** What you need to do **
Only one stretch of the material below is wanted: everything from the line containing "2021 Dodge Challenger GT AWD" down to the line containing "Thần Thịnh Vượng - Chapter 11 - Page 461", both ends included. Repeat it exactly and skip the pictures.

==== Provided records

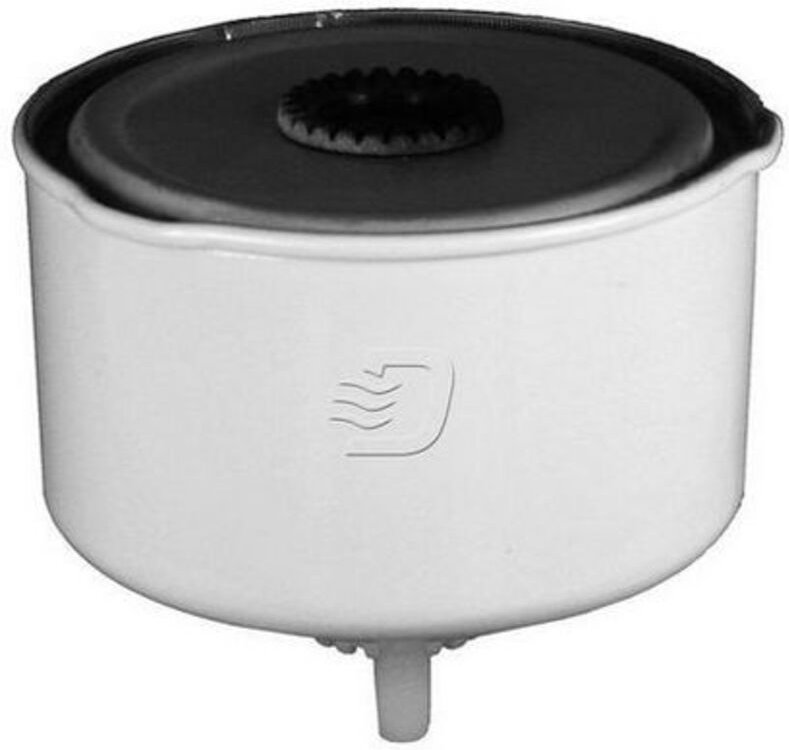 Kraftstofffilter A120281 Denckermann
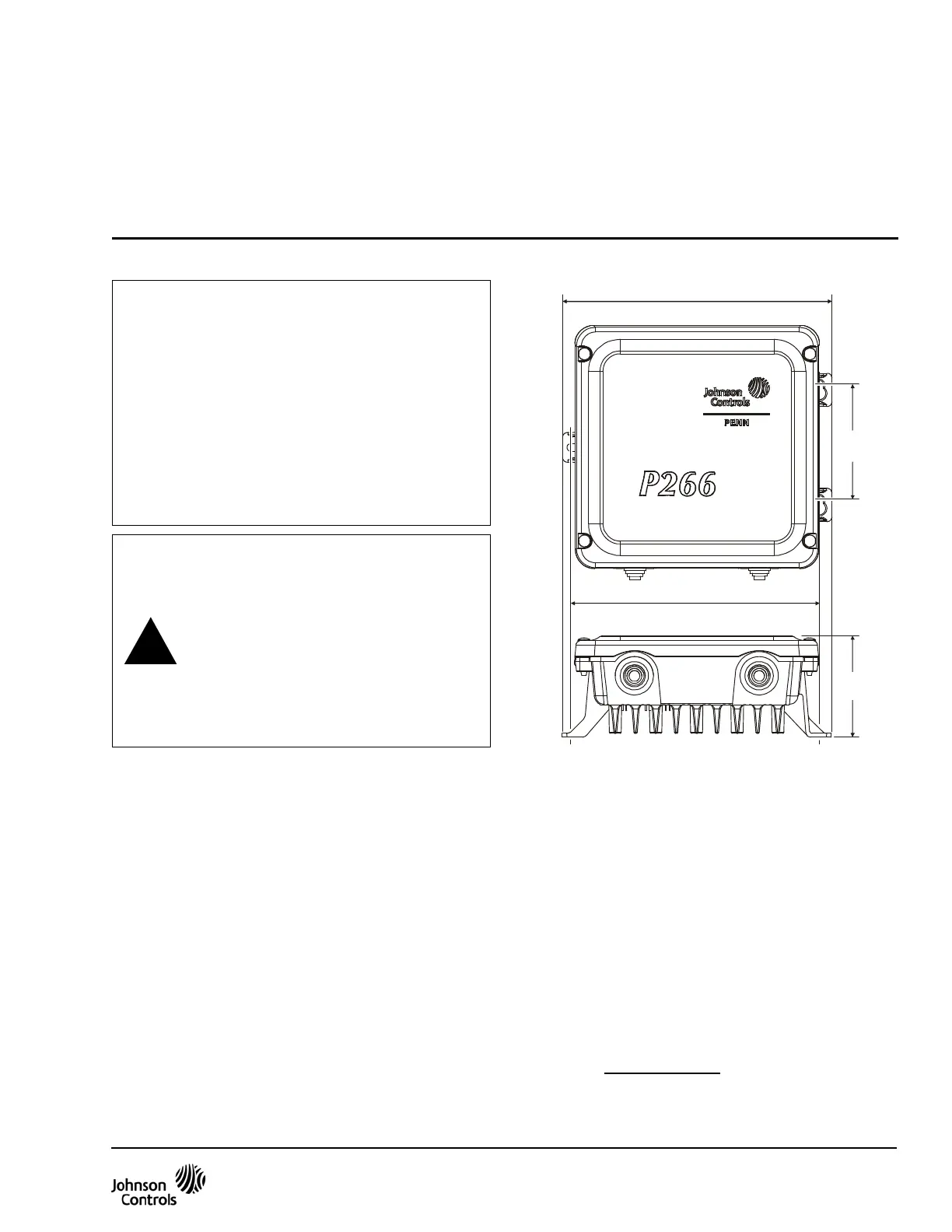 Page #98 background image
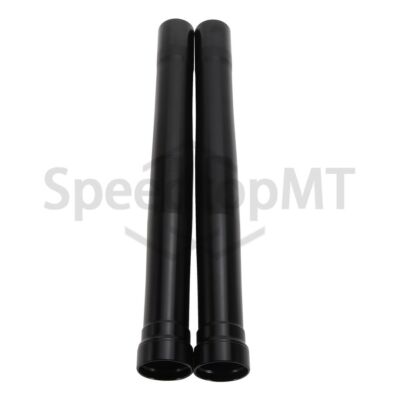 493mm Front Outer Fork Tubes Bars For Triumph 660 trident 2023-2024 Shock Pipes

========
==== Provided records

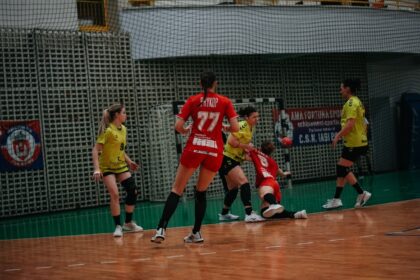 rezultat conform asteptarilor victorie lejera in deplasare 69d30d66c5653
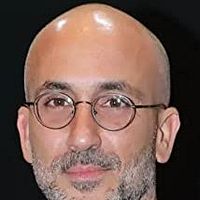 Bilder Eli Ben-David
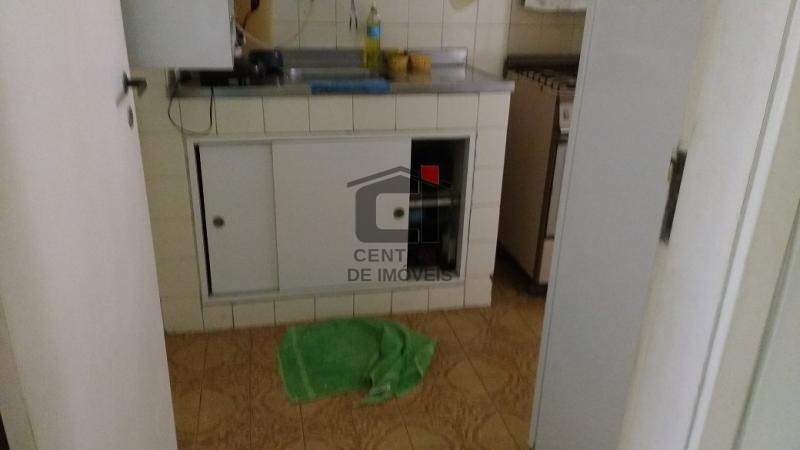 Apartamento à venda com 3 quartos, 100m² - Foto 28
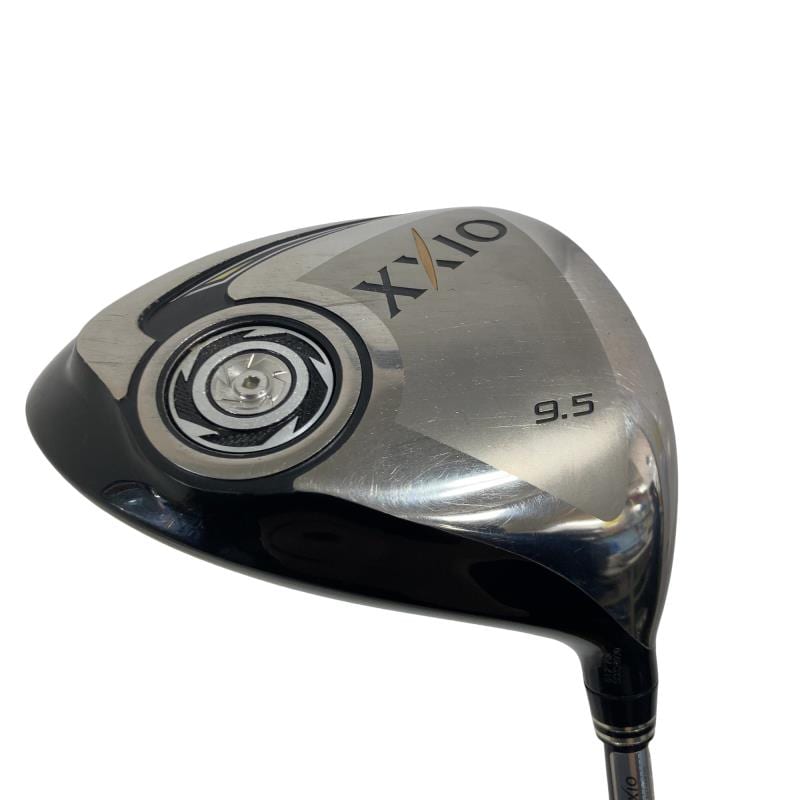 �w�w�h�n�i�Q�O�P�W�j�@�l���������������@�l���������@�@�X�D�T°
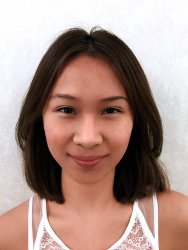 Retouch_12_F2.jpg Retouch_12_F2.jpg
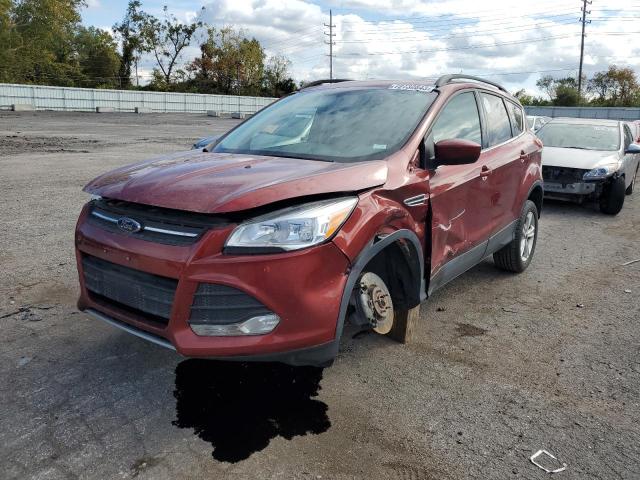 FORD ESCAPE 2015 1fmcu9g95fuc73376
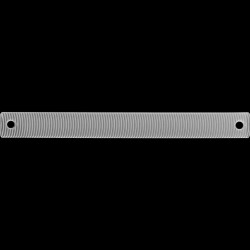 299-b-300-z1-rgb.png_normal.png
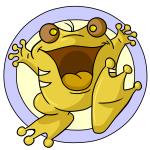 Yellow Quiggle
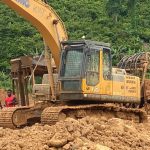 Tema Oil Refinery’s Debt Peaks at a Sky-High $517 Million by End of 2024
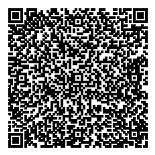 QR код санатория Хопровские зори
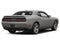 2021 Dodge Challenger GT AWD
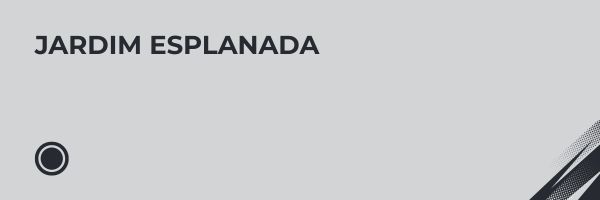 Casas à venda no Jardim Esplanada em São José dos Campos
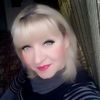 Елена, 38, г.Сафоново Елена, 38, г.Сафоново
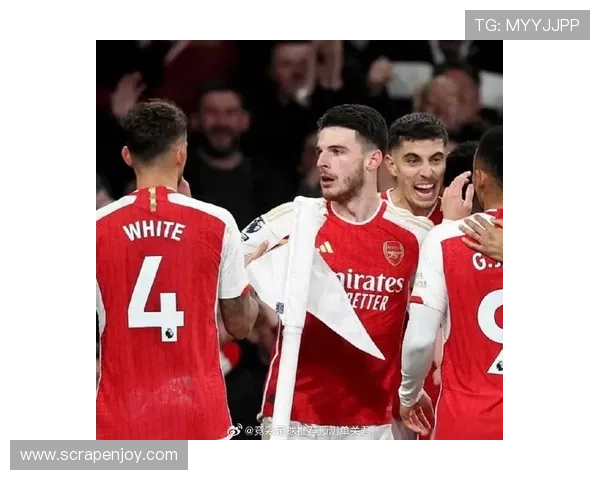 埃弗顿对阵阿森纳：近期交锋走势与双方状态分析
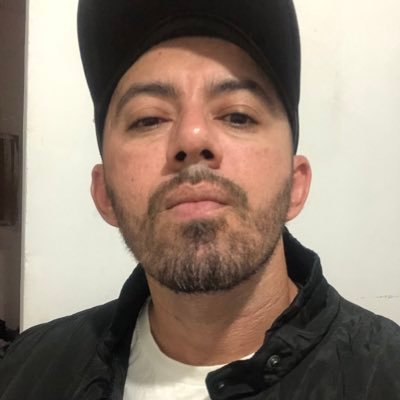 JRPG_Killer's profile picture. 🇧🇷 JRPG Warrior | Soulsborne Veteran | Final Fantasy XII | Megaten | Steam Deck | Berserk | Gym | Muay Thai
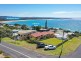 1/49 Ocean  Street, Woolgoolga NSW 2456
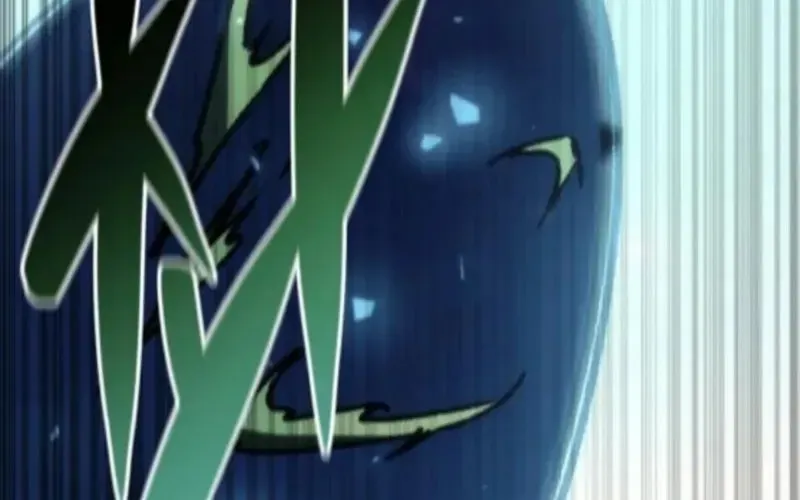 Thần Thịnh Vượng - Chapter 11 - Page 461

========

** Output of the task **
 2021 Dodge Challenger GT AWD
 Casas à venda no Jardim Esplanada em São José dos Campos
 Елена, 38, г.Сафоново Елена, 38, г.Сафоново
 埃弗顿对阵阿森纳：近期交锋走势与双方状态分析
 JRPG_Killer's profile picture. 🇧🇷 JRPG Warrior | Soulsborne Veteran | Final Fantasy XII | Megaten | Steam Deck | Berserk | Gym | Muay Thai
 1/49 Ocean  Street, Woolgoolga NSW 2456
 Thần Thịnh Vượng - Chapter 11 - Page 461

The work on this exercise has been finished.